| Task objective |
The copy must match the data below line for line and contain no images.

| The data |
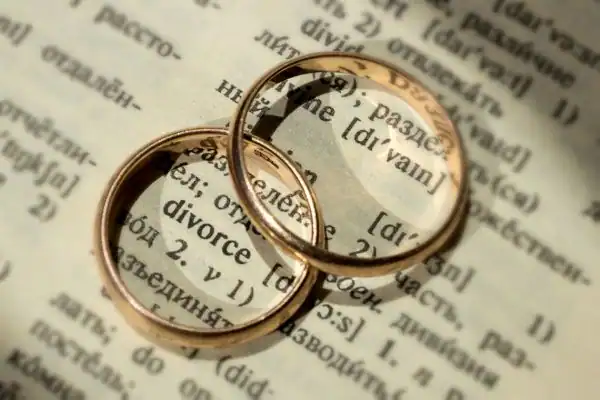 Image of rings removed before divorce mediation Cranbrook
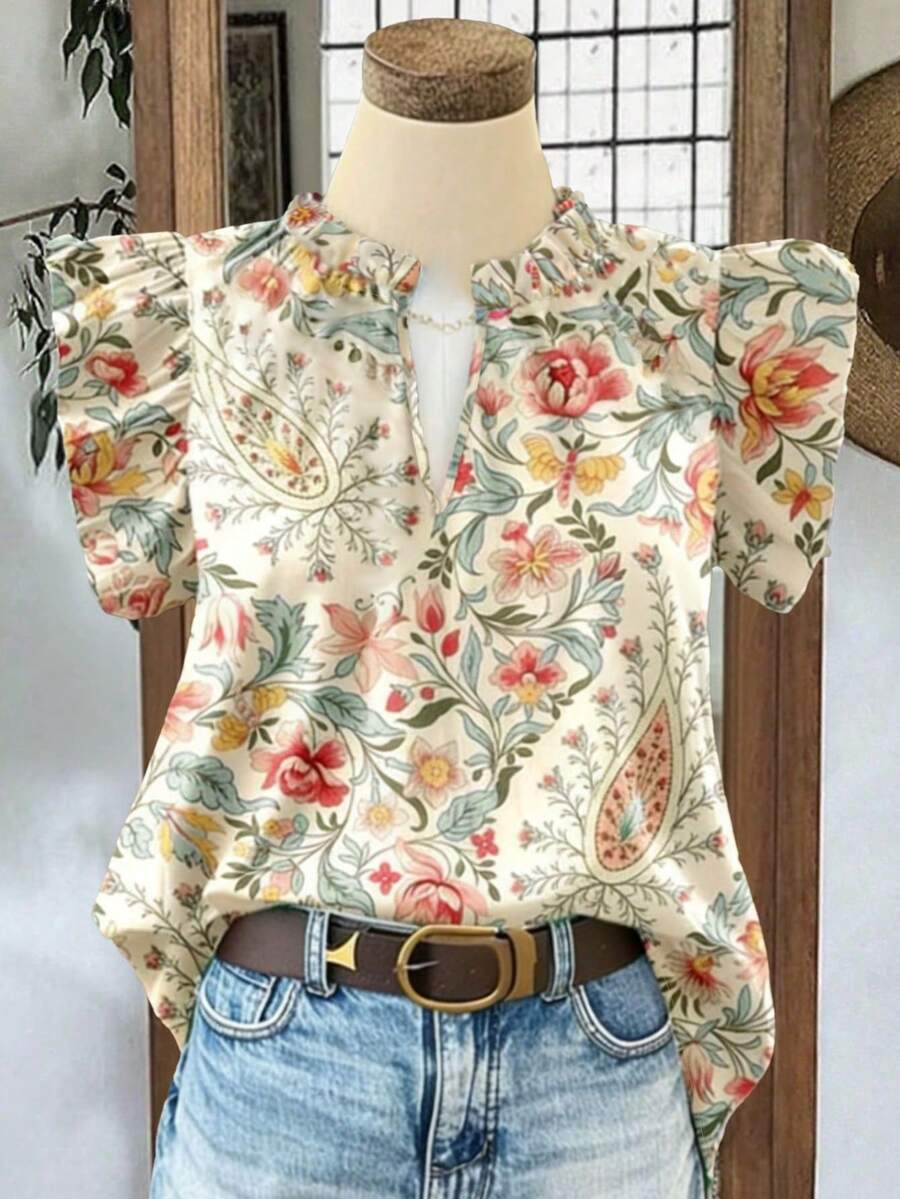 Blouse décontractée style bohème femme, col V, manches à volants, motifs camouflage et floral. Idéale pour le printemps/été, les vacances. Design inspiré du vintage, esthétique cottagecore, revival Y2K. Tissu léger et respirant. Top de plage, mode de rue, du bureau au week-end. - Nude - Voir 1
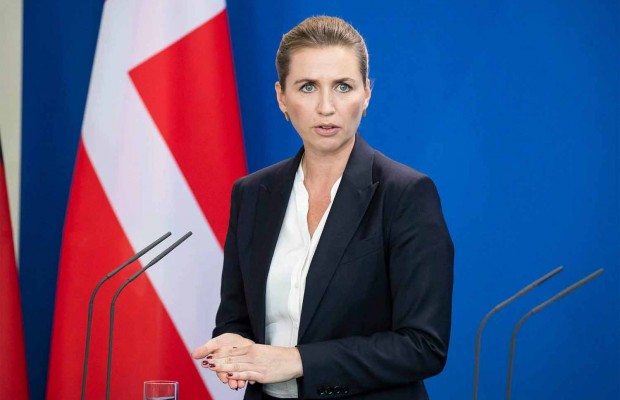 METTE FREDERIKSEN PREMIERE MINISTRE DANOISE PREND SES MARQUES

| Reply |
 Image of rings removed before divorce mediation Cranbrook
 Blouse décontractée style bohème femme, col V, manches à volants, motifs camouflage et floral. Idéale pour le printemps/été, les vacances. Design inspiré du vintage, esthétique cottagecore, revival Y2K. Tissu léger et respirant. Top de plage, mode de rue, du bureau au week-end. - Nude - Voir 1
 METTE FREDERIKSEN PREMIERE MINISTRE DANOISE PREND SES MARQUES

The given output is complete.